Quel est le fondement de cette loi ?
La loi du 10 février 2020 met en œuvre la Charte de l’environnement dans pratiquement tous ses articles ainsi que le principe pollueur-payeur avec le renforcement de la responsabilité élargie des producteurs (REP). La loi s’inscrit également, particulièrement en matière de REP, dans le cadre du paquet Économie circulaire composé de quatre directives adoptées en mai 2018 et complété par la directive du 5 juin 2019 visant à réduire l’incidence de certains produits en plastique sur l’environnement, dont la loi autorise au demeurant la transposition par voie d’ordonnances.
Qu’est-ce que la « responsabilité élargie du producteur » ? Qu’apporte la loi à son propos ?
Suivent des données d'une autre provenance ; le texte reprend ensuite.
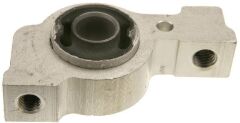 TRW JBU775 ÖN ALT SALINCAK BRAKETİ BURÇLU SAĞ-SOL PEUGEOT P407 04>10 P508 10>18 CITROEN C5 X7 08>16 C6 06>12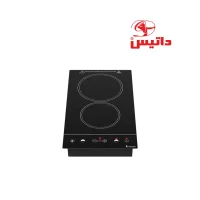 گاز رومیزی داتیس DGE 250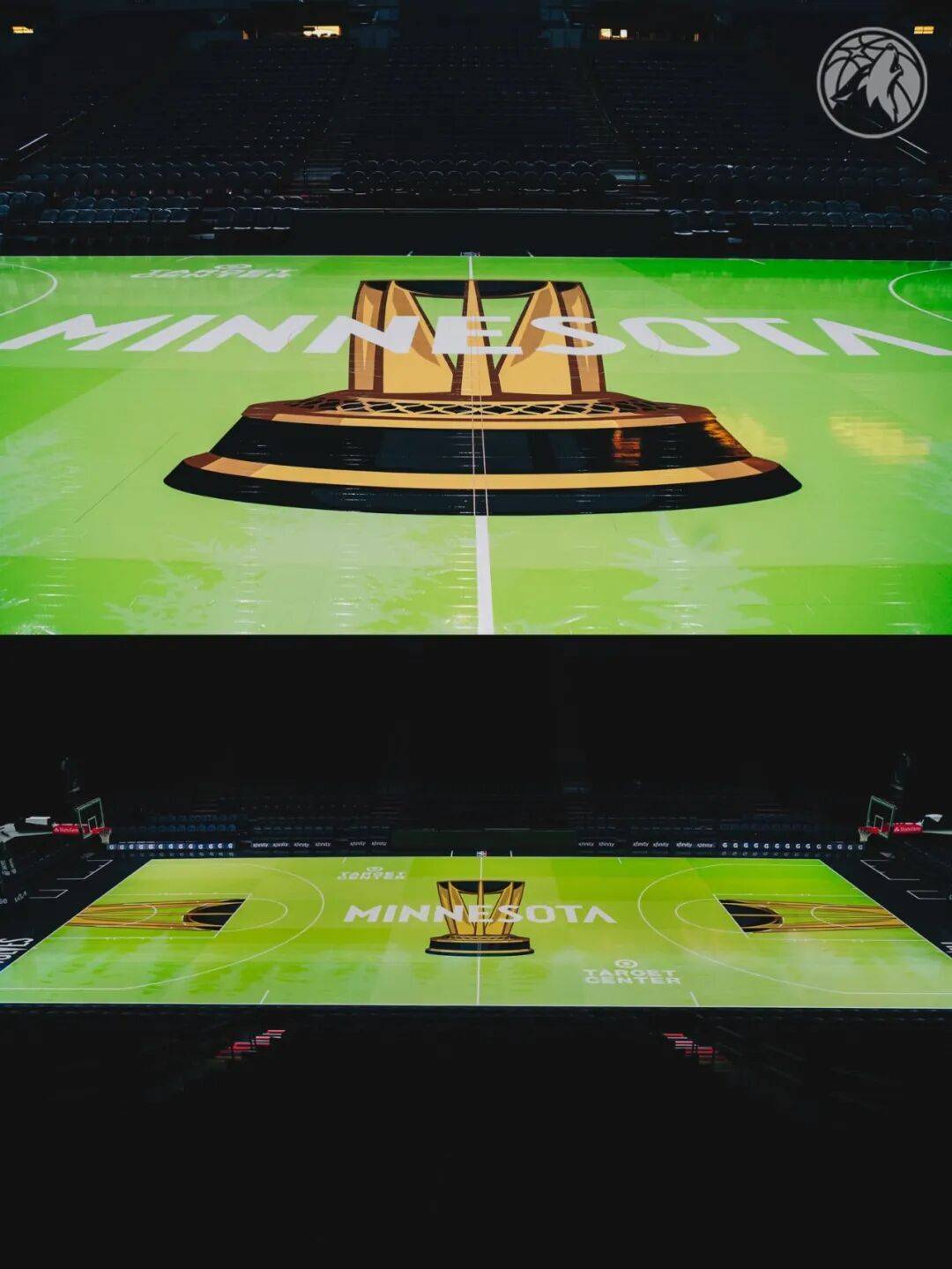 只关于吐槽｜勇士魔鬼赛程熬老头；独行侠烂完了；杨瀚森神奇进球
La REP consiste à faire supporter aux producteurs la charge de la collecte, de la valorisation et du traitement des produits qu'ils ont mis sur le marché. Ils peuvent le faire de manière individuelle, ou collective dans le cadre d'un éco-organisme auxquels ils adhèrent et versent des contributions. La loi prévoit la création de nouvelles filières de REP entre 2021 et 2025 (emballages non ménagers, jouets, articles de bricolage et de jardin…) et l’extension de certaines filières existantes. La REP devra par ailleurs être réorientée vers l’écoconception et les contributions faire l’objet d’éco-modulations (bonus/malus) plus incitatives.
Quelles orientations / dispositions principales retenez-vous parmi les nombreuses dispositions législatives ?
Je suis très attentive à la question de la prévention des déchets, en particulier de ceux dont la production est inutile ou facilement évitable. Sur ce point, la loi contient de nombreuses dispositions, comme l’interdiction du dépôt de publicités commerciales sur les véhicules et de la distribution de cadeaux promotionnels dans les boîtes aux lettres, de l’impression systématique de tickets de caisse ou de carte bancaire, ou encore du conditionnement plastique des fruits et légumes frais. La prévention passe aussi évidemment par la lutte contre le gaspillage et la gabegie des emballages.
Quels sont les principaux apports de la loi en matière de lutte contre le gaspillage ?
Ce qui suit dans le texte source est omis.